• **Task prompt**:
Every record must be output verbatim in the reply.

• **Data shown**:
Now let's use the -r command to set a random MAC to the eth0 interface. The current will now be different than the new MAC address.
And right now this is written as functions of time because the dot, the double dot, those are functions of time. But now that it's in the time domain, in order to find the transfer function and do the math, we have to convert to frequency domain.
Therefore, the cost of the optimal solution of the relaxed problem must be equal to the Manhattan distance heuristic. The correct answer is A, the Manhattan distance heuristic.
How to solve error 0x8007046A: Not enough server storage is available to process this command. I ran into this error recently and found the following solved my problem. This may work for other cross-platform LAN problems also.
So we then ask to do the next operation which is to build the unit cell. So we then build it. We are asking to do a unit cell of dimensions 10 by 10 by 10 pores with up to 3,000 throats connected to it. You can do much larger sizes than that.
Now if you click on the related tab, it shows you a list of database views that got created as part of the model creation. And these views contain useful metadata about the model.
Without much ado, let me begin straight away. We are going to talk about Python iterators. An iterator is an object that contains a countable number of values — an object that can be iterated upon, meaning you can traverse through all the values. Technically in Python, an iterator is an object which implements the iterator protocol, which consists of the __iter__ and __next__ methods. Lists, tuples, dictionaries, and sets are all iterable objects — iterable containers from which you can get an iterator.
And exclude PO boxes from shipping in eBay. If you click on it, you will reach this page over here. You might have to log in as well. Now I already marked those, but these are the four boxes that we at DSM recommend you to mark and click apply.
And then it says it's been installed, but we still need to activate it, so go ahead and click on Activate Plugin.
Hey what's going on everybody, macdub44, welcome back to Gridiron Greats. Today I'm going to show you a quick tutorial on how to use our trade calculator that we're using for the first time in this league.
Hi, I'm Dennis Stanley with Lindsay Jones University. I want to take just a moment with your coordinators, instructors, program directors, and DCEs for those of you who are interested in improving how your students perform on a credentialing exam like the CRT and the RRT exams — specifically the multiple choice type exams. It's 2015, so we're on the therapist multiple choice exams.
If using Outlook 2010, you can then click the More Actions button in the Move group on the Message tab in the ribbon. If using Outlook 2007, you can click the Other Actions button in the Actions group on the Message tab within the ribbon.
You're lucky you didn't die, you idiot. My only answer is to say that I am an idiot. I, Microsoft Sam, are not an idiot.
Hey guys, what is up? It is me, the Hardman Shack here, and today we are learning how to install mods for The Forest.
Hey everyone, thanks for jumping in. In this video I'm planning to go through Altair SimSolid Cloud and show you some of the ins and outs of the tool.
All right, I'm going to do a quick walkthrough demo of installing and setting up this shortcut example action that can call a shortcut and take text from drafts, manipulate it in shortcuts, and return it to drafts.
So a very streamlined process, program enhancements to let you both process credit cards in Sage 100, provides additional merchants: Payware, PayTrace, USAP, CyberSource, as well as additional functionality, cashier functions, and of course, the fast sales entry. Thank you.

• **Output below**:
Now let's use the -r command to set a random MAC to the eth0 interface. The current will now be different than the new MAC address.
And right now this is written as functions of time because the dot, the double dot, those are functions of time. But now that it's in the time domain, in order to find the transfer function and do the math, we have to convert to frequency domain.
Therefore, the cost of the optimal solution of the relaxed problem must be equal to the Manhattan distance heuristic. The correct answer is A, the Manhattan distance heuristic.
How to solve error 0x8007046A: Not enough server storage is available to process this command. I ran into this error recently and found the following solved my problem. This may work for other cross-platform LAN problems also.
So we then ask to do the next operation which is to build the unit cell. So we then build it. We are asking to do a unit cell of dimensions 10 by 10 by 10 pores with up to 3,000 throats connected to it. You can do much larger sizes than that.
Now if you click on the related tab, it shows you a list of database views that got created as part of the model creation. And these views contain useful metadata about the model.
Without much ado, let me begin straight away. We are going to talk about Python iterators. An iterator is an object that contains a countable number of values — an object that can be iterated upon, meaning you can traverse through all the values. Technically in Python, an iterator is an object which implements the iterator protocol, which consists of the __iter__ and __next__ methods. Lists, tuples, dictionaries, and sets are all iterable objects — iterable containers from which you can get an iterator.
And exclude PO boxes from shipping in eBay. If you click on it, you will reach this page over here. You might have to log in as well. Now I already marked those, but these are the four boxes that we at DSM recommend you to mark and click apply.
And then it says it's been installed, but we still need to activate it, so go ahead and click on Activate Plugin.
Hey what's going on everybody, macdub44, welcome back to Gridiron Greats. Today I'm going to show you a quick tutorial on how to use our trade calculator that we're using for the first time in this league.
Hi, I'm Dennis Stanley with Lindsay Jones University. I want to take just a moment with your coordinators, instructors, program directors, and DCEs for those of you who are interested in improving how your students perform on a credentialing exam like the CRT and the RRT exams — specifically the multiple choice type exams. It's 2015, so we're on the therapist multiple choice exams.
If using Outlook 2010, you can then click the More Actions button in the Move group on the Message tab in the ribbon. If using Outlook 2007, you can click the Other Actions button in the Actions group on the Message tab within the ribbon.
You're lucky you didn't die, you idiot. My only answer is to say that I am an idiot. I, Microsoft Sam, are not an idiot.
Hey guys, what is up? It is me, the Hardman Shack here, and today we are learning how to install mods for The Forest.
Hey everyone, thanks for jumping in. In this video I'm planning to go through Altair SimSolid Cloud and show you some of the ins and outs of the tool.
All right, I'm going to do a quick walkthrough demo of installing and setting up this shortcut example action that can call a shortcut and take text from drafts, manipulate it in shortcuts, and return it to drafts.
So a very streamlined process, program enhancements to let you both process credit cards in Sage 100, provides additional merchants: Payware, PayTrace, USAP, CyberSource, as well as additional functionality, cashier functions, and of course, the fast sales entry. Thank you.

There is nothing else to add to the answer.